Method 5 - Methods as constants

If we say that non-dynamic vars will never change, why not just load their contents as constants via the bytecode "LOAD_CONST"?

(defn with-const-test [highend]
    (loop [x 0]
        (if (< x highend)
            (recur ((py.bytecode/LOAD_CONST (fn [i] (py.bytecode/BINARY_ADD i 1))) x)))))

(print "with-const-test")

(time (dotimes [x interations] (with-const-test highend)))

Result: 6053.23505402 msecs

Not much faster at all

Method 6 - Inlined functions
Finally, let's try to simply inline the call as a direct call to the bytecode BINARY_ADD

(defn with-inline-test [highend]
    (loop [x 0]
        (if (< x highend)
            (recur (py.bytecode/BINARY_ADD x 1)))))

(print "with-inline-test")

(time (dotimes [x interations] (with-inline-test highend)))

Result: 6048.96688461 msecs

Once again, practically no difference.

So why are some of the results so similar.

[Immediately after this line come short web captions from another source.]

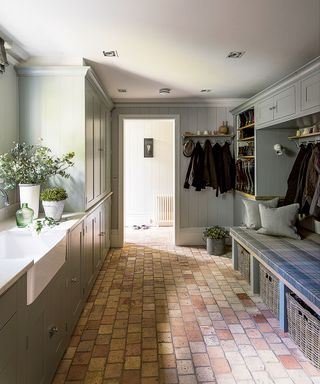 Laundry room organization with stone flooring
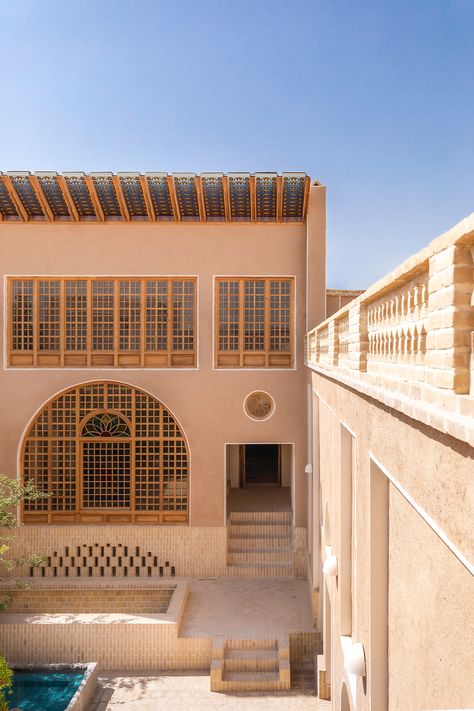 The special location of this project in the oldest roofed alley of Isfahan and next to Naghsh Jahan Square has created special conditions for this building. The building, which was going through a period of decline, was identified by our consultant after about 10 years of being abandoned, and after receiving the participation of several friends of heritage, it has been revived today and it is one of the most attractive places in the south of Naghsh-e-Jahan Square. Moroccan Architecture Exterior, Public Library Design, Hotel Design Architecture, Hotel Landscape, Isfahan Iran, Hotel Facade, Iranian Architecture, Persian Architecture, Hotel Exterior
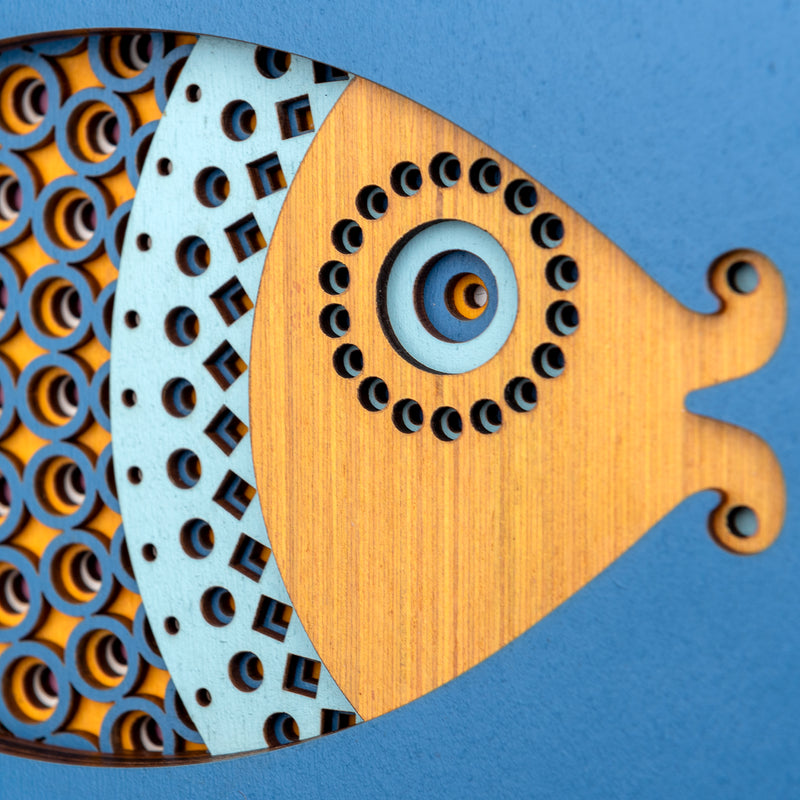 An original Fish themed multi layered artwork designed using geometric patterns. Beautiful, quirky unique wall décor.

Well first of all, I performed these benchmarks on PyPy. PyPy implements a tracing JIT, and by design tracing JITs tend to unroll loops and inline code. So, if the JIT automatically inlines all function calls, there's not much use inlining them ourselves.

What is the takeaway from this then? Quite simply, static vars should be handled as global variable, and dynamic vars should be boxed. The compiler rules will then be defined thusly:

1) any vars not marked as {:dynamic true} are considered static. They cannot be redefined (the compiler will try to enforce this), and cannot have bindings applied to them.
2) any vars marked as {:dynamic true} are considered dynamic. They can be redefined, and in general, will be about 30% slower than static vars. Once bindings are applied they will be over 100% slower than static vars

When compiling code the compiler will attempt to resolve symbols in this order:

1) the compiler will check to see if the symbol is a bytecode
2) the compiler will look for a global, if the global is found, and is not a var, a standard LOAD_GLOBAL will be used. If it is a var, the var will be loaded with LOAD_GLOBAL, then a LOAD_ATTR "deref" will be called on the var.
3) if no global is found, and the symbol is not a special form, an error will be thrown.